The Merrill settlement is the latest
in a series of problems for Enron's
major bankers, which also include
J.P. Morgan Chase & Co. and
Citigroup Inc. Their relationships
with Enron have been battered in
congressional hearings and are the
target of shareholder lawsuits
seeking billions of dollars in
damages.

By reaching an agreement with the
SEC, Merrill avoids the release of
findings by the agency that could be used against it in the court cases filed by
investors, experts said. The company neither admitted nor denied wrongdoing
in the SEC settlement, its filing said.

"We entered into this agreement to put this matter behind us," said William
Halldin, a Merrill spokesman. The SEC declined comment other than saying
that no date has been set for a commissioners' vote on the settlement.

Merrill agreed to pay more than $100 million last year to settle allegations
lodged by New York Attorney General Eliot L. Spitzer that the firm's analysts
issued tainted research guidance to investors. At least one of its employees
remains under scrutiny by federal prosecutors in New York over his role in
possible insider trading of ImClone Systems Inc. stock by Martha Stewart.
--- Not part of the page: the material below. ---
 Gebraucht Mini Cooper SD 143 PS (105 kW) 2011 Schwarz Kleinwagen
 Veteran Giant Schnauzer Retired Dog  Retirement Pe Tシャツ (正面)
A source at J.P. Morgan Chase pointed out that none of the billions of dollars
in deals that Chase arranged for Enron and its partnerships has been
mentioned in criminal proceedings. Manhattan District Attorney Robert M.
Morgenthau has convened a grand jury to examine Chase's dealings with
Enron.

Citigroup declined to comment. So did a spokesman for the University of
California, which is leading a federal lawsuit against banks and law firms that
it alleges helped Enron inflates its books to boost its stock price.

Merrill said earlier in public filings that the company is not the subject of a
criminal investigation. Sources familiar with a Justice Department probe have
said individual employees could be targeted.
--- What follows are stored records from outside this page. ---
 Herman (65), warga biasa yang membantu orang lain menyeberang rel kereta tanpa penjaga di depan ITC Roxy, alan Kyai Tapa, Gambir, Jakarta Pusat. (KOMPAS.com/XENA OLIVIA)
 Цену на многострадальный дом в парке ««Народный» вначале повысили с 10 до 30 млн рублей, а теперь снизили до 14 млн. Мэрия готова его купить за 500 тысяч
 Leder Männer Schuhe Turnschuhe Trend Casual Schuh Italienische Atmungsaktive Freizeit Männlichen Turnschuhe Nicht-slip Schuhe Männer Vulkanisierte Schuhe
Lawyers for Robert Furst and Schuyler Tilney, former Merrill executives who
worked closely with Enron officials on the deals covered by the proposed SEC
settlement, did not return calls. Furst and Tilney invoked their Fifth
Amendment rights against self incrimination at a congressional hearing last
July.

In one deal, Merrill paid $7 million for barges that helped Enron to book a $12
million gain in 1999.
A Senate Governmental Affairs subcommittee called the
transaction into question last year, saying Enron executives had agreed to take
the barges off Merrill's hands, transforming the deal into a sham because
Merrill never faced any risk. In handwritten notes obtained by congressional
investigators, one Merrill official questioned the deal, asking whether the firm
was helping to "aid/abet Enron income [statement] manipulation."
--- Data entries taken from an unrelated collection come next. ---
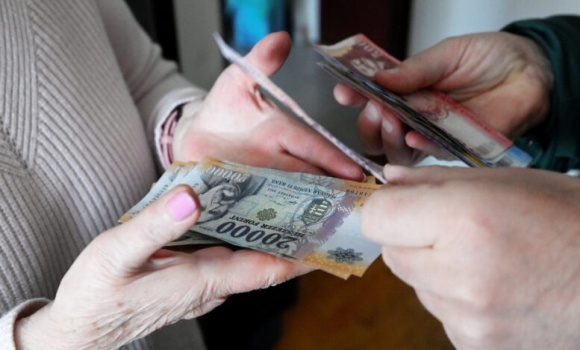 Dupla nyugdíjat kézbesítenek a postások februárban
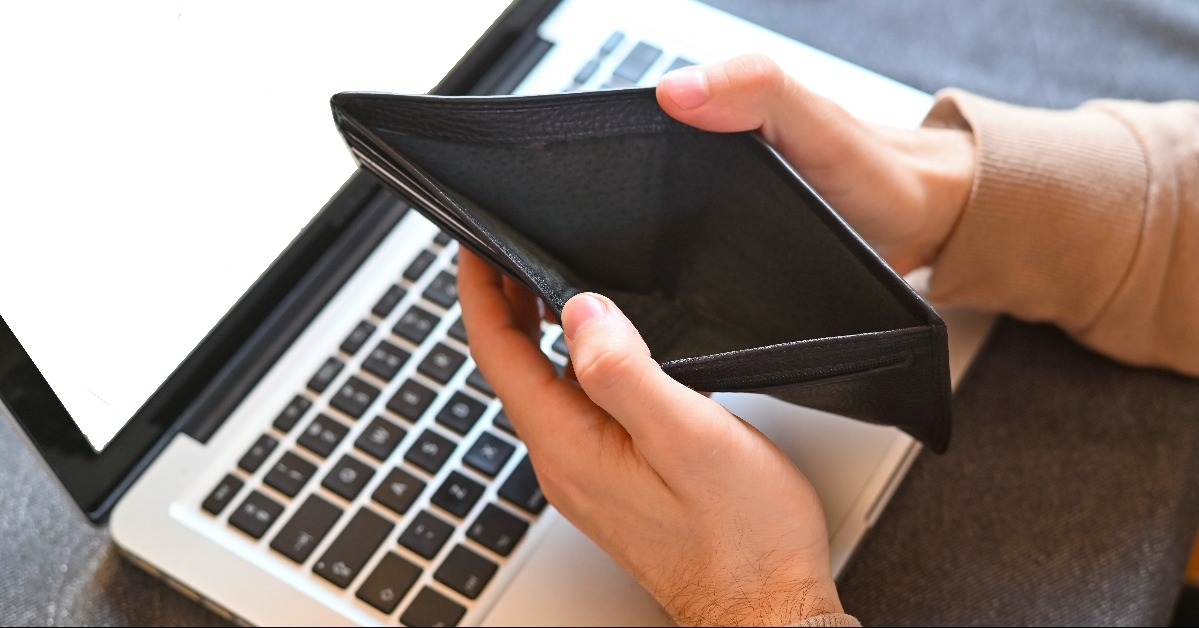  stressed with bankruptcy debt shopping on internet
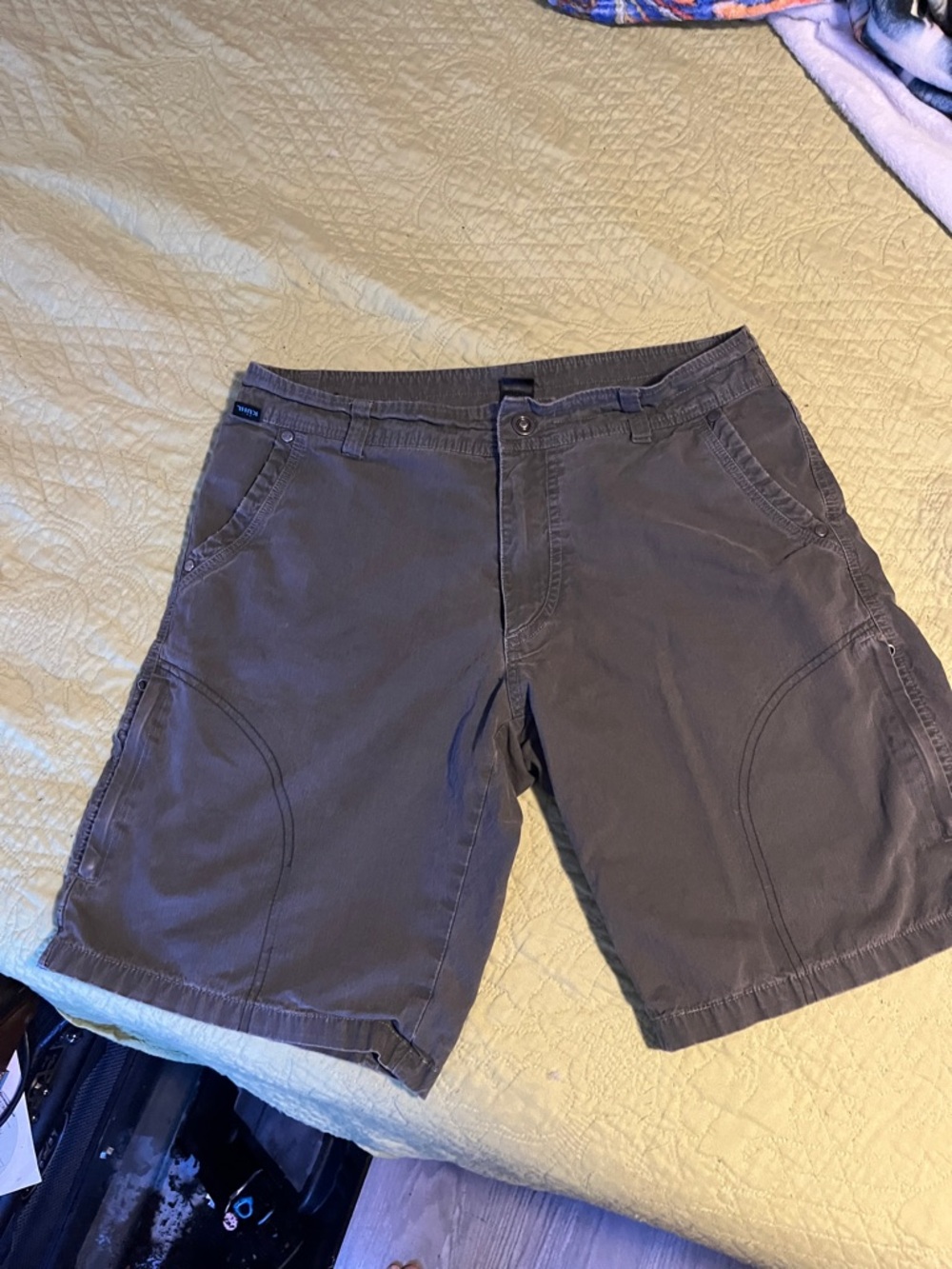 Men's Kuhl Green Casual Hiking Shorts Sz 32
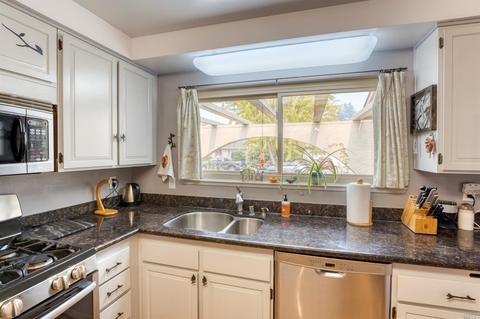643 Costa Dr, Napa, CA 94558 photo 9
At the time of the deal, Merrill was under pressure from Fastow and other
Enron executives to fund transactions or lose out on lucrative investment
banking fees, congressional investigators found.

The barges were ultimately repurchased, not by Enron, but by the LJM
partnership Fastow ran. The purchase allowed Enron to make good on its
commitment without having to reverse the sale and wipe out the profit it
claims, the Justice Department alleged in the Fastow indictment.

In a second deal, Merrill purchased $8 million in forward energy contracts
from Enron, a transaction that allowed Enron to meet financial targets in
1999. The deal was canceled the following year.


G. Kelly Martin, a Merrill senior vice president at the time, said last summer at
the Senate hearing: "Had we known at the time what we know today, we would
not have conducted business with Enron."